Boosting wellness in a remote-work future
The trick going forward, of course, is to make sure that companies or managers aren’t putting extra pressure on hybrid or remote employees, eroding their well-being. Forcing employees to constantly keep their cameras on, or tasking IT with snooping their computer screens, leads to mistrust and borders on the Orwellian, especially when rules are ambiguous, Daramus points out. This is one example of poor management that has fallout of its own: low morale, antagonism, and drops in creativity and productivity. While workers traditionally have had little recourse, the dynamic changes when the labor market gets tight and people can easily move to a new job somewhere else.
Where will those valuable employees go? To companies that have a reputation for worker autonomy, along with meaningful perks. Catered lunches aren’t going to cut it anymore; finding creative ways to invest in employees—such as wellness programs, both remote and in-person—is a great reputation builder. It signals that a company cares and knows how to foster creativity. Because extracurricular programming increases productivity and retention, it’s reasonable to expect it on company time. And despite the assumptions of some bosses, it turns out that the vast majority of people don’t shirk responsibility in lieu of activities. Even if it involves an hour or two away from their desks a couple of times a month, people still get their work done.

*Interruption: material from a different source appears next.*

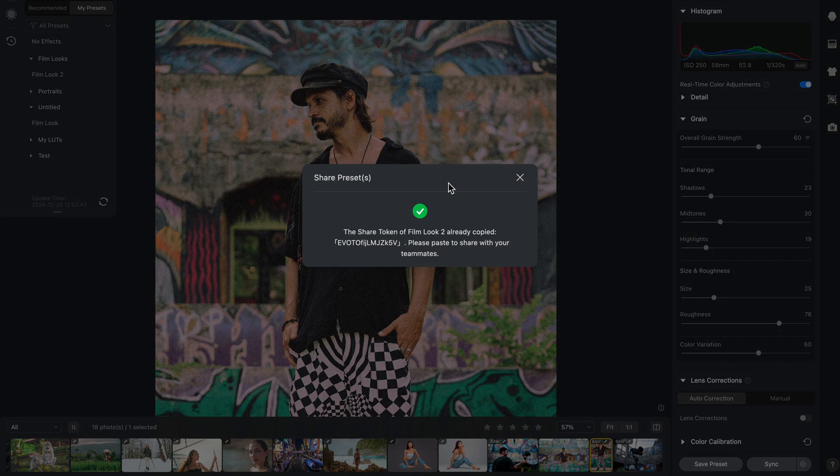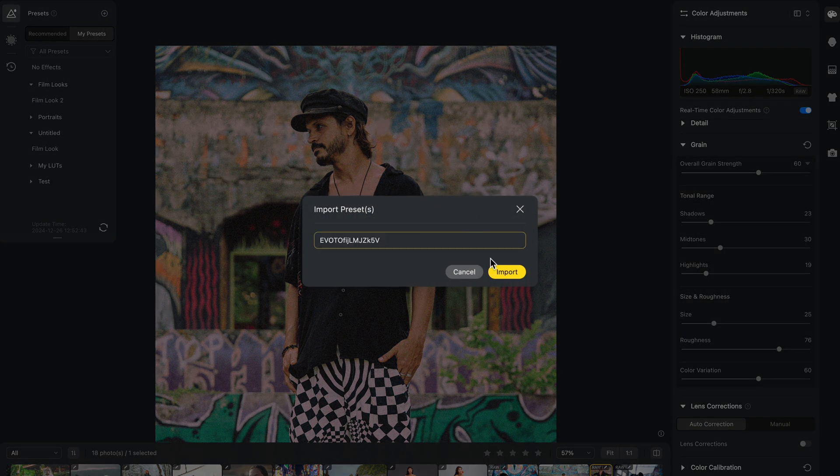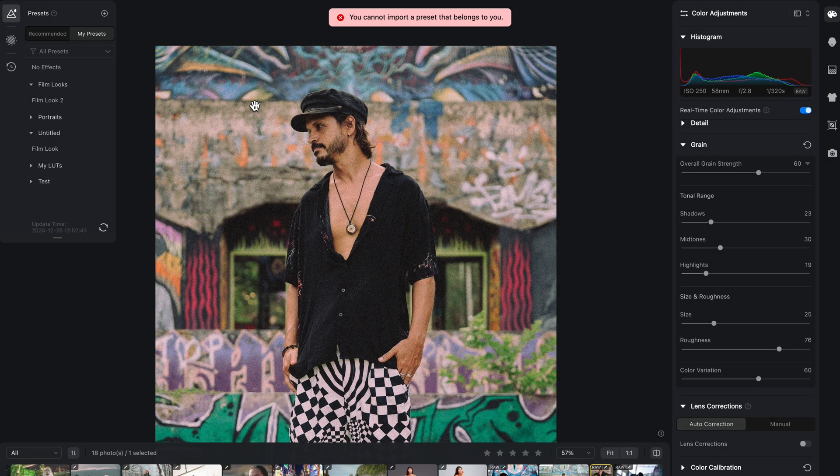Since Evoto stores the presets you make online, whoever wants to get these presets — whether you sell them or just share them with a friend — all they have to do is click the plus icon in the same menu, click 'Import', and add the token code you gave them. That's it.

Soukieh says that her regular responsibilities combined with leading Culture Club means that she gives her company “120 percent of my time.” Still, not many places encourage you to share your passions with your colleagues, and even fewer pay you to do it on company time. That’s why, even though Soukieh and her coworkers are still remote—and are likely to be indefinitely—she has never felt more connected.“Remote work and Culture Club have introduced me to far more fellow employees than in-person events ever did,” says Soukieh. “Without that encouragement from the top, it never would have happened.”